A study by Bravetti et al. discusses surgical success of KDB excisional goniotomy over a 12-month period with a similar success criteria of a ≥ 20% reduction in IOP [27]. Within this study, 37.5% of eyes exhibited surgical success over a substantially shorter follow-up duration [27], whereas our study exhibited a more favorable success rate of 46.2% at 6 years in the remaining eyes. With a median success of 4 years, KDB goniotomy provides promising long-term reliability for the management of glaucoma. This current study underscores the durability of treatment with KDB with exceptional 6-year success and can be interpreted as a safe and reliable option for management of various glaucoma subtypes.

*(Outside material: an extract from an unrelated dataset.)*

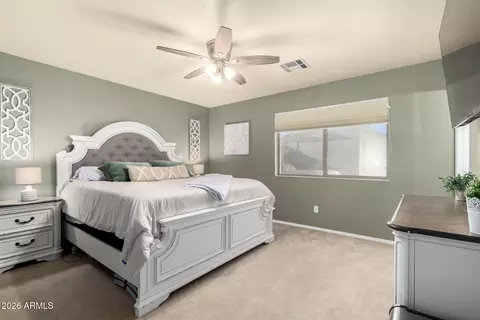 Bedroom - 920 E Pima Ave, Apache Junction, AZ 85119 photo 1 of 7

This study offers valuable insights into the long-term safety and efficacy outcome of KDB excisional goniotomy. Advantages of this study include the inclusion of real-world outcomes encompassing both failures and successes, as well as the consistency and validity ensured by having all procedures performed by a single surgeon at the same center.

Limitations

Several limitations are present in this study. Firstly, the retrospective nature of this study did not allow for randomization. Secondly, several patients were lost to follow-up, affecting overall consistency of the results. Additionally, medication regimens were not standardized, potentially influencing the number of medications used. The various forms of glaucoma represented in this study may also serve as a potential limitation as it can cause variation in clinical outcomes. Provided the seniority of the patient population and convenience of concomitant cataract surgery with goniotomy, the KDB-alone group was relatively small. Finally, baseline measurements of IOP were not at a standardized time of day, resulting in potential for inconsistencies as the literature has established that IOP tends to peak in the early hours of the day—shortly after awakening from sleep [41]. Future studies are needed to evaluate the long-term efficacy and safety of standalone excisional goniotomy with the KDB.

Conclusions

Combined KDB excisional goniotomy and phacoemulsification demonstrated clinically significant reductions in IOP and clinically reduced medication burdens in patients with glaucoma. The procedure showed favorable success, even at 6 years post-operatively. KDB goniotomy appears to be a promising long-term therapy for correcting angle-closure and various forms of open-angle glaucoma.